Je suis convaincu, au regard de ce que j’ai vécu dans beaucoup de pays anglo-saxons, que ce que nous proposons, constituerait une simplification considérable du travail des ministères, et que cela aboutirait à une symbiose nettement meilleure que l’actuelle entre eux et les directives et la politique du gouvernement.
L’aide énorme que peut apporter la personne handicapée, acteur de sa vie et de son destin, dans la mise en place de vos décisions sur le terrain serait la plus belle opportunité de succès de votre politique, Monsieur le Premier ministre.
Toutes et tous les citoyens mais aussi toutes les associations professionnelles, comme les services publics, nous avons besoin, les uns des autres, pour partager également dans les bassins de vie, la « vraie vie » souhaitée par tous, qui implique la participation de tous, sans mise à l’écart de personne.
De notre côté, nous tenons à vous redire toute notre confiance et aussi que vous pouvez compter sur nous, associations professionnelles, et services publics, pour vous aider à aller le plus près possible du concret, et ainsi, de faire vivre pleinement l’autonomie et le plaisir de vivre ensemble, selon des modalités qui si elles étaient effectivement mises en œuvre devraient aussi s’accompagner de nombre de réductions de coût.
Monsieur le Premier ministre, madame la secrétaire d’État, je me tiens bien évidemment, dans le fil de ces propos, à votre disposition, pour vous rencontrer, et vous faire part de recommandations ou de propositions d’action, ministère par ministère par ministère.
Nous comprenons parfaitement que votre temps est très précieux.

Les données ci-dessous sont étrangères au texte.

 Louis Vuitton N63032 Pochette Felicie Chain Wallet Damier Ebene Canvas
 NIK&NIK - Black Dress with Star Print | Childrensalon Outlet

Aussi est-ce pourquoi préparons-nous actuellement une proposition de plan d’action de terrain et d’expérimentation, qui pourront dès maintenant à la fois être mis en place avec les collectivités territoriales et évalués avec les personnes elles-mêmes.
Je vous prie de croire, Monsieur le Premier ministre, en mon profond respect et à toute ma reconnaissance.
Je vous prie aussi de croire, Madame la secrétaire d’État aux personnes handicapées, que vous pouvez compter sur nous pour vous aider à lever les obstacles, les inerties, et les blocages qui freinent les orientations que vous avez définies et que nous voulons effectivement voir aboutir avec vous.